出)それはもう2006年かな。だから15年位前ですね。
安)それこそ、15年前とかって空き家活用とかリノベーションとかってあんまりなかったですよね。
出)ないね。どっちかって言うと空き家活用とかも観光地。要は昔の古い町並みを保存して、それをめがけて観光客を呼び寄せるというような形のことをやったりしていたけれども。要はテーマパークですよね。テーマパークを作っていくみたいな感じで。それはまたちゃうなぁみたいなのがあって。僕はテーマパークを作りたいわけではないし、暮らしていく場所として、どういう風にデザインをしていくのかというのが中心にあって。暮らしを良くしていく、楽しくしていくためのデザインをしていきたいというのがあったので、そういうのをやりたかった。これからどんな地域にしていったら良いだろうかというのを考えながら、空き家の活用に取り組んでいくみたいなそういった形でやりたかったというのはあったので。
安)外からの人たちも結構絡んでくれるようになったということですよね。
出)そうですね。
安)それはワークショップとか。
出)そうですね。だから大学として関わり始めているので、最初は。僕がコンペを提案してそれが丹波市長賞をもらって。丹波市も面白そうやからぜひその提案をぜひ実現しましょうと。青垣町で空き家を使って、大学生とか地元の人が関わりながら面白いことやっていきましょうみたいなところに共感してもらえたので、事業としてはスタートしたんです。そこで、1つ辿り着いたのが佐治倶楽部っていう空き家を活用するサークルを地域で作ろうというところに辿り着いて。それが2011年だから、佐治倶楽部は10年。11年目なんですよね。
安)具体的に言うと、10年で何棟ぐらい。
出)佐治倶楽部としては実際は一棟なんです。関西大学の大学として、国の補助金とかをもらって改修した建物が2件あって。そのうちの1つがこの関西大学佐治スタジオっていう場所ですけれども。もう一つ別の団体で改修をかけていますけれども、一緒に共同で管理している建物。佐治倶楽部自身で改修した建物は1つです。
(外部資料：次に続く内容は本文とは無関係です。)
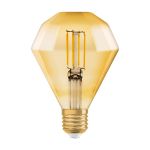 Osram Vintage 1906 LED E27 Pera Filamento Oro 4.5W 420lm - 825 Bianco Molto Caldo | Sostitutiva 40W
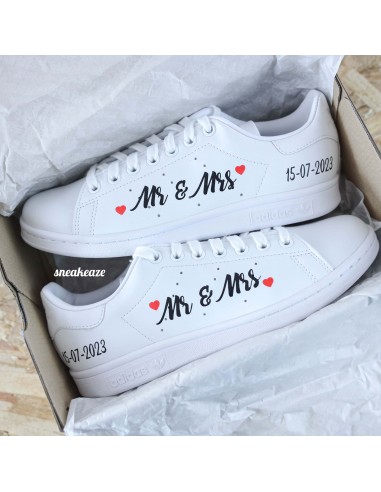 Mr & Mrs - Stan Smith custom mariage acheter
安)次はサジハウス。出町さんがやっていらっしゃる事務所の方の話。屋号に佐治という名前を入れたというのは、何かそこに思い入れがあるのだと思うんですけれども、ご自身がやっていっている自分の建築に関する考え方とか、その辺を少しお伺いしたいと思うんですけれども。
【サジハウスの経緯】
出)元々大学にいる時から、設計事務所を自分でやりたいという思いはずっとあって。設計事務所をしたいけど、できるんかなぁという思いはあったんだけど。逆に既存のルートじゃないからこそ面白くできるかなというのもあって。やってみたら、この丹波市に来るようになって、古い家の改修とかを実際自分でやるようになって、やっぱりすごく面白くて。活用することとか、トータルで仕事にできると面白いんじゃないかなと。そういうことができる設計事務所を作ろうということで思い立ったというか、立ち上げたというのが佐治ハウスという設計事務所なんです。「佐治」って言う名前が入っていて「ハウス」やから、家を作るっていう感じの。佐治の家を作ると言うことを勝手に思われがちなんですけれども、2つの意味があって。1つは「バウハウス」って言う昔のドイツの建築学校っていうのがあって。そこのところから文字をもらっているんやけれども、その「バウハウス」っていうのは建築も良いんだけれども、建築以外にもプロダクトとかグラフィックデザインとか、色んなことの時代を作ってきた、そういう思想があって。地域性のある場所で拠点にして、世界をデザインしていくような設計事務所ができたらということで。それで佐治って言うこの地名をつけて、ゆくゆくは色んなところでその屋号を持って仕事をしていくことに僕は意味があるんじゃないかなと思って。それでそういう名前をつけて。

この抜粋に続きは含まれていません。